Mientras viajaba con esta gira por el mundo, empecé a ver mi propia cara en muchas otras caras. Mujeres que me esperaban después de los conciertos para contarme, con los ojos brillantes, una versión de la misma historia. Mujeres que estaban solas pero no derrotadas. Y entendí que lo que yo creía que era una experiencia íntima era en realidad la biografía de toda una generación de mujeres latinas.

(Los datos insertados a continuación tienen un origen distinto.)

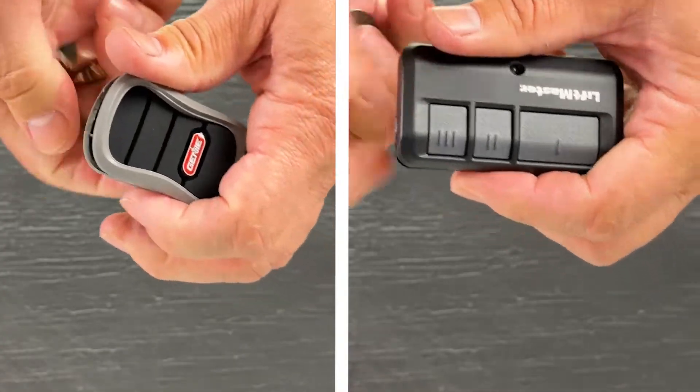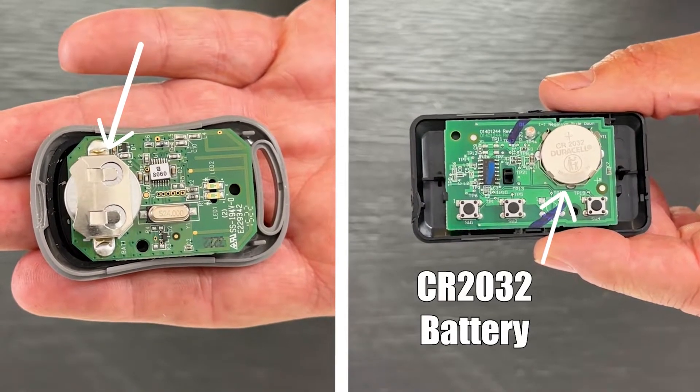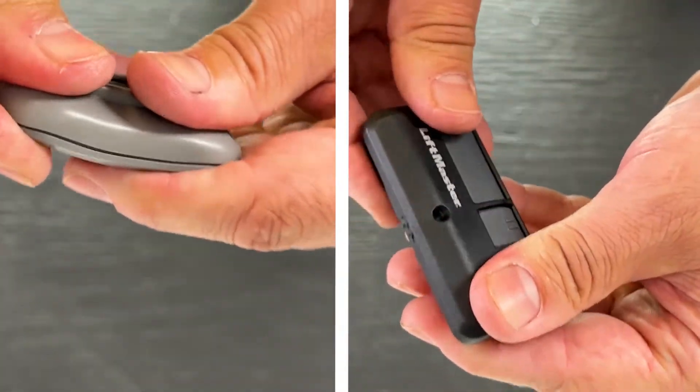Just pop open the side of the remote using a quarter or a visor clip. Most brands use a coin battery, but check yours before taking that trip to the store. Swap out the old for the new, press the remote together, and hit that button to run your door.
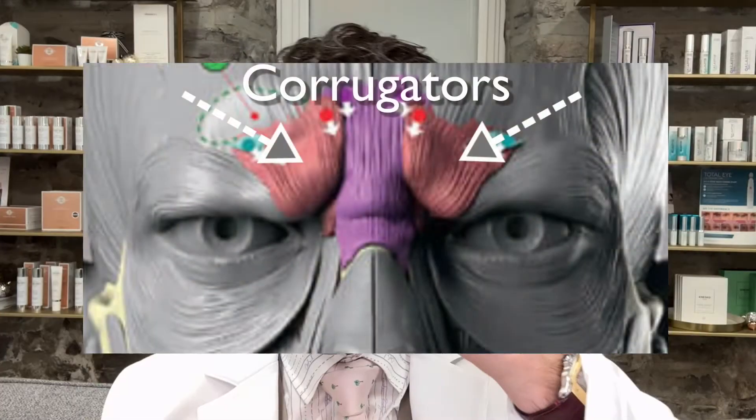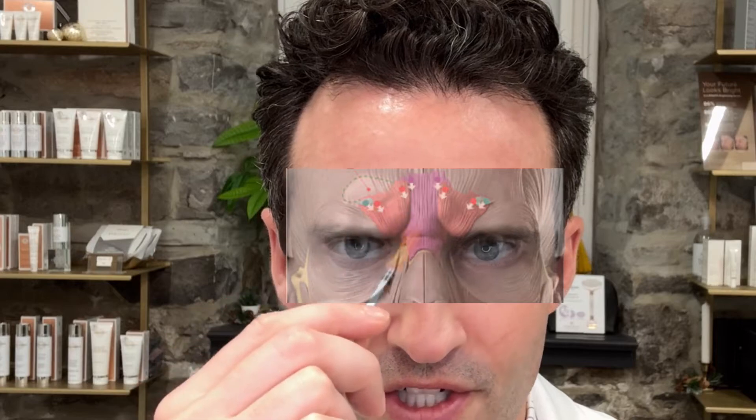We want to place most of the product at the belly, just below the eyebrow line. For the corrugators, the origin where it sticks into the bone is medially, and the insertion where it becomes more superficial and inserts into the skin is laterally — you can tell by a little dimple. Some people have something called a depressor supercilii. When they frown you can literally see the muscle start and stop and pull downward. In those cases I might add an extra injection point to tack that depressor supercilii.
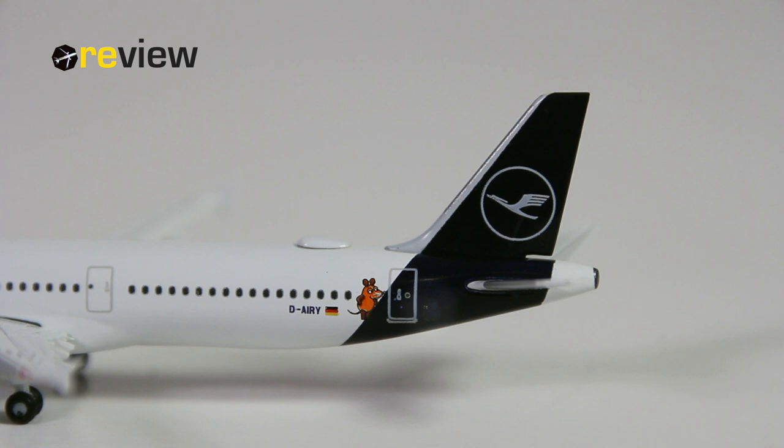We start off with the tail section, where we have the new Lufthansa branding on the vertical stabilizer. Underneath that, we have the sticker of the mouse and the Elephant. It's a bit difficult to see because both the Elephant and Lufthansa's color are dark blue. Next to that, we have the full registration code of the aircraft and the German flag.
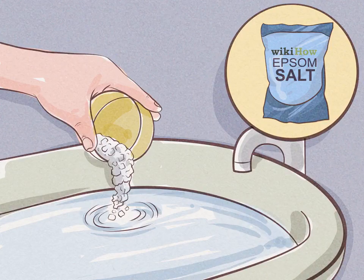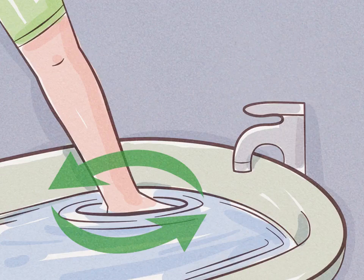Put the plug in your bathtub and run hot water. Fill the tub halfway with water that's as hot as you like it, and pour in about one-half cup (120 grams) of prepared bath salts. For a stronger concentration, you can add more bath salts. For a therapy bath, consider using one to two cups (240 to 480 grams) of epsom salts — the high levels of magnesium in the salts can reduce muscle ache.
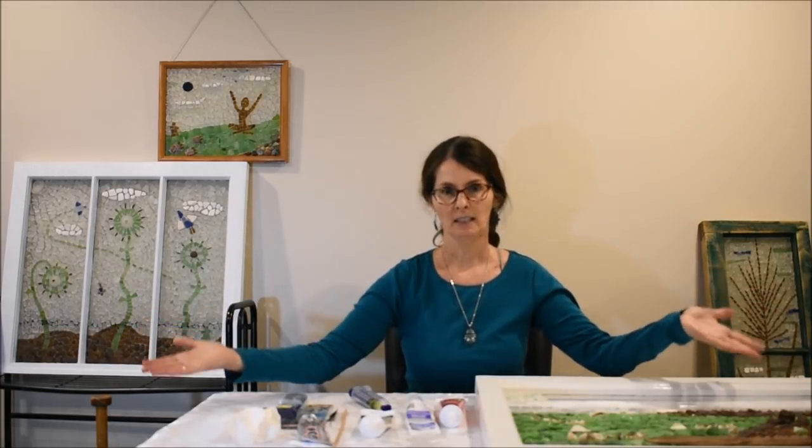Hello everyone, thanks for joining me today. I'm Jackie and I create sea glass mosaics. Today I'm going to talk about what to use for adhesives.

Porque la mujer latina cambió. Durante décadas la pintaron entregada al cuidado de la casa, callada y suplente. Esa imagen se quedó vieja. La mujer latina de hoy decidió salir adelante: sostiene la economía de la casa, decide, lidera, levanta proyectos, cría sola si tiene que criar sola. Pero no confundió por eso las prioridades. Por encima de todo siguió siendo el corazón del hogar, la que guarda los afectos y los valores que se les pasan a los hijos, la que hace de la vida un baile aunque el día venga difícil. Hace lo que tiene que hacer. Y eso, en este momento de la historia, no es un detalle: es una manera de no perderse.
Y entonces llegué a Brasil. Descubrí que en este país, más de 40 millones de hogares están encabezados por mujeres que mantienen a sus familias con todas sus fuerzas.
Estas mujeres contribuyen enormemente a la economía del país sin pedir permiso ni buscar protagonismo. Cuando me dijeron esa cifra me quedé callada un buen rato. Y después pensé: wow, yo soy una de ellas. Ojalá este concierto pueda ser, aunque sea por una noche, el espejo en el que esas mujeres se reconozcan, porque son ellas las que llevan hoy, en el cuerpo y en la rutina, el ADN más puro de la mujer latina contemporánea.
A esa mujer quiero dedicarle el 2 de mayo.
Y para dedicárselo, no había mejor lugar en el mundo que Copacabana. Porque si uno se detiene a mirar Río de Janeiro, entiende que el planeta puso ahí todos los ingredientes que el ser humano necesita. Es como si la naturaleza hubiera querido hacerlo tan obvio que no quedara duda. El mar, la luna, el atardecer, las montañas, La música que suena en cada esquina.
Una gente que entendió, hace mucho, que la vida se baila. Río es el lugar donde el planeta parece querer tomarnos de la mano y decirnos: miren, esto es lo importante, no se distraigan.
Lo importante es estar presentes. Con los pies en la arena. Porque en ese presente está el amor, está la felicidad, está el sentido de la vida. No hay que buscarlo en otro lado.
Esa es mi respuesta. Por eso yo. Por eso Copacabana. Por eso ahora.
Porque si el planeta Tierra tuviera un altar capaz de hablar por sí mismo, ese altar sería Copacabana. Y en un mundo confundido por la manipulación del algoritmo, Río le ofrece a la humanidad ese altar para que volvamos a ver claro.
Nos encontramos ahí, donde la marea humana se confunde con la marea del mar. Y si nos atrevemos a cantar todos a la misma voz el 2 de mayo, quizá esa noche el planeta entero alcance a oírnos, y se acuerde de lo que estábamos a punto de olvidar.